Mi último post trataba sobre quién era el culpable de la situación que vivía el Real Madrid tras el 0–4 del Barcelona en el Bernabéu. Ha pasado ya mes y medio y esa situación no ha cambiado mucho. Al contrario. Cada vez es peor.

Al mal juego de toda la temporada se siguen sumando malos resultados. Anoche, sin ir más lejos, ese empate en Mestalla deja muy tocado a Rafa Benítez, que ve cómo tiembla su puesto en el banquillo.

Sigue sin entenderse por qué, cada vez que su equipo se adelanta en el marcador, decide recular, permite al rival manejar el partido y concede ocasiones claras de gol. Así hasta que encaja el empate. No es la primera vez en este curso. Ocurre lo mismo con la decisión de quitar del campo al que está siendo el mejor jugador del equipo, Benzema, en lugar de sustituir a la supuesta estrella, Cristiano, que no da pie con bola desde hace mucho, muchísimo tiempo. O como lo de que Bale juegue por la banda derecha en lugar de por la izquierda, donde se están viendo sus mejores jugadas. Ni que no haya un toque de atención a Pepe y Sergio Ramos, que no están haciendo, ni de lejos, su mejor temporada. Es más de lo mismo eso de no dar minutos a James en Mestalla, ni a Isco desde que jugara sólo los últimos 12 de la derrota en Villarreal. A fin de cuentas, es una serie de decisiones inexplicables y que parecen bastante lógicas y fáciles de solucionar a simple vista.

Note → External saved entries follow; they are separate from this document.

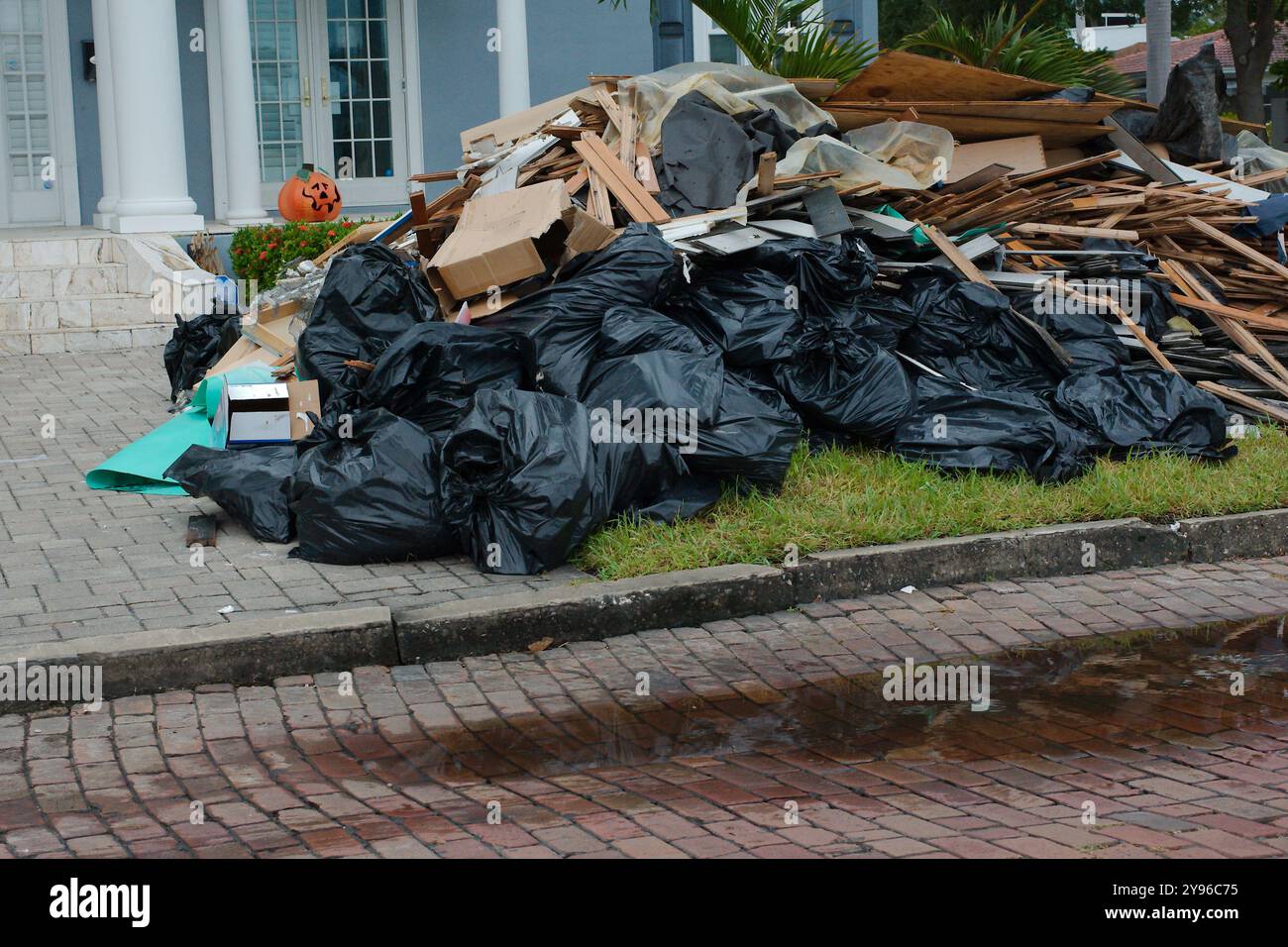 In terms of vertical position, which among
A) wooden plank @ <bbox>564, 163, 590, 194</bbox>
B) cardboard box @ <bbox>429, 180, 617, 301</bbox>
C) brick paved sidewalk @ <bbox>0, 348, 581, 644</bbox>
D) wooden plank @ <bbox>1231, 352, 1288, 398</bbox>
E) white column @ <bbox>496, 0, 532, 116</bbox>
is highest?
white column @ <bbox>496, 0, 532, 116</bbox>

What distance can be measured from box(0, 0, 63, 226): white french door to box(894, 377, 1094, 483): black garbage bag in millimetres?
11213

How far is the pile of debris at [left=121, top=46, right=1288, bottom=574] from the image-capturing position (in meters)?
5.97

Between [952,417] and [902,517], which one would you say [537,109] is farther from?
[902,517]

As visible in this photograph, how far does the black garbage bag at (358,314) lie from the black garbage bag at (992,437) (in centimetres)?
262

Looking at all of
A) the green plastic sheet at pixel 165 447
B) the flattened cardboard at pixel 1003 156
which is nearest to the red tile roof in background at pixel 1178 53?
the flattened cardboard at pixel 1003 156

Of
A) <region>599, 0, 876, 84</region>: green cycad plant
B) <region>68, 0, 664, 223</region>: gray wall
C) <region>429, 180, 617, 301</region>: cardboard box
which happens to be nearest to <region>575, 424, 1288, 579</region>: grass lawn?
<region>429, 180, 617, 301</region>: cardboard box

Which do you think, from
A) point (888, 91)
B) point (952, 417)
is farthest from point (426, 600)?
point (888, 91)

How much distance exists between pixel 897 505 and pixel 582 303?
1.78 meters

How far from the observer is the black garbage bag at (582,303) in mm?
6555

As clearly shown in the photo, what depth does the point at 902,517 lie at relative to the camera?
6133 millimetres

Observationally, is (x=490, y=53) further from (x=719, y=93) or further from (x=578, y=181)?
(x=578, y=181)

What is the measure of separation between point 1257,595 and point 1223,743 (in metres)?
1.73

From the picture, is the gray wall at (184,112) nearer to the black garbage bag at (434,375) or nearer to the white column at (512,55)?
the white column at (512,55)

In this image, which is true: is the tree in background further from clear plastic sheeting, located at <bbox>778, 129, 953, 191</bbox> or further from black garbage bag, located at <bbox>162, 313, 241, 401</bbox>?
black garbage bag, located at <bbox>162, 313, 241, 401</bbox> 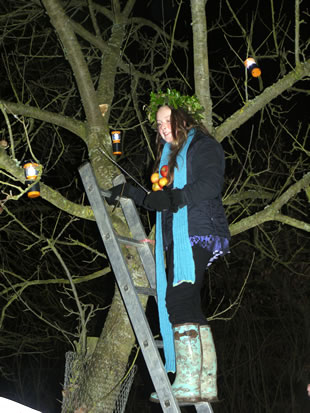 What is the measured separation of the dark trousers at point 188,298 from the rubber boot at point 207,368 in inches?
2.8

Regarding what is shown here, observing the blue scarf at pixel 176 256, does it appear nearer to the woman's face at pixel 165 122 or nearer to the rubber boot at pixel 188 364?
the woman's face at pixel 165 122

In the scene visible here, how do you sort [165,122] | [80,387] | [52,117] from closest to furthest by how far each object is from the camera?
1. [165,122]
2. [80,387]
3. [52,117]

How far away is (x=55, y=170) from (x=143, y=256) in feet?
20.5

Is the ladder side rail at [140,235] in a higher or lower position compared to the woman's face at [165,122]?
lower

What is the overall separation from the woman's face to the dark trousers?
67 centimetres

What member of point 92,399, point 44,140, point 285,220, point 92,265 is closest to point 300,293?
point 92,265

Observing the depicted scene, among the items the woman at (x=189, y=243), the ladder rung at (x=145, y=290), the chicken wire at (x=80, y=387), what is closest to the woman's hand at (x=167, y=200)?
the woman at (x=189, y=243)

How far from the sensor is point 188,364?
258cm

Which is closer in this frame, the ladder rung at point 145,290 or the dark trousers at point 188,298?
the dark trousers at point 188,298

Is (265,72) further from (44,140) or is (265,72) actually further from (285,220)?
(285,220)

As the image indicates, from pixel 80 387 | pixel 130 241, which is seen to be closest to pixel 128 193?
pixel 130 241

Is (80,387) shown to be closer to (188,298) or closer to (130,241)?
(130,241)

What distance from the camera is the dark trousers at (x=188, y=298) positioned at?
263 cm

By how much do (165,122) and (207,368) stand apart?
1348 millimetres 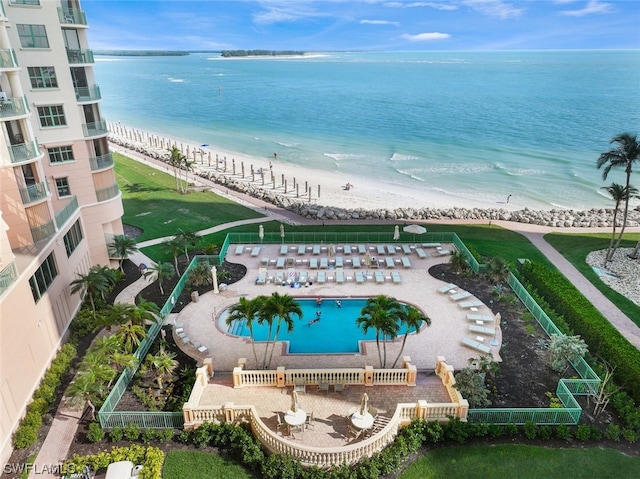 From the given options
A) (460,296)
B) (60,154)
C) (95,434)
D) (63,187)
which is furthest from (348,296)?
(60,154)

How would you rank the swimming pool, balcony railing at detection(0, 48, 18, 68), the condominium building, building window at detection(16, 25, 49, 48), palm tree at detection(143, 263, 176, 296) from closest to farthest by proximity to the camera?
the condominium building
balcony railing at detection(0, 48, 18, 68)
the swimming pool
building window at detection(16, 25, 49, 48)
palm tree at detection(143, 263, 176, 296)

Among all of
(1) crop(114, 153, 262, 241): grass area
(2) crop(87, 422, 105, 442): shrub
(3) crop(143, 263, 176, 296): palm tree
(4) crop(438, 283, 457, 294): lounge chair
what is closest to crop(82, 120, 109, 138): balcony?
(3) crop(143, 263, 176, 296): palm tree

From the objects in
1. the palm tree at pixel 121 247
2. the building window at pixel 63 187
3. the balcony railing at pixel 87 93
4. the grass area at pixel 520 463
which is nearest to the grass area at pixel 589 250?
the grass area at pixel 520 463

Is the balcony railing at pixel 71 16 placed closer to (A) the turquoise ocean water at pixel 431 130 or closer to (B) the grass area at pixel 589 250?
(B) the grass area at pixel 589 250

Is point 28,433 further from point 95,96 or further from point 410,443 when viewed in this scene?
point 95,96

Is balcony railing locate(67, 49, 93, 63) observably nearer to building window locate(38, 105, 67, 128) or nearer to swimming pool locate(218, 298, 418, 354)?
building window locate(38, 105, 67, 128)

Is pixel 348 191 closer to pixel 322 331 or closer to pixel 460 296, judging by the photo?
pixel 460 296

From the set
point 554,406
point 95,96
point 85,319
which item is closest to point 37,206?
point 85,319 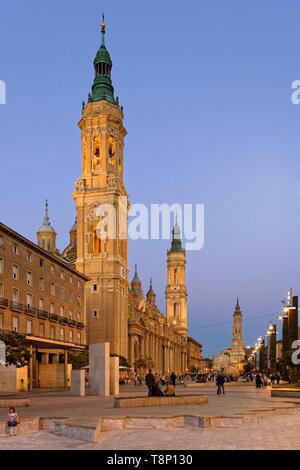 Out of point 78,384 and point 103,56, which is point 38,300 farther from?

Desde hace tiempo se especula con la posibilidad de que sea destituido y hoy es cuando más difícil parece que vaya a continuar el técnico madrileño. Suena con mucha fuerza el nombre de Zinedine Zidane para reemplazarle en el cargo. A pesar de no tener una trayectoria importante como entrenador, se tiene mucha confianza en el francés, tanto por parte del club como de la afición. Pero no todo es oro lo que reluce. También es un grave riesgo “echarlo a los leones” a mitad de temporada y sin la posibilidad de construir una plantilla desde el principio.

En cualquier caso, parece que no falta mucho para que se conozca cuál será el desenlace final del banquillo madridista, de Benítez, de Zidane y veremos si también del Presidente Florentino Pérez.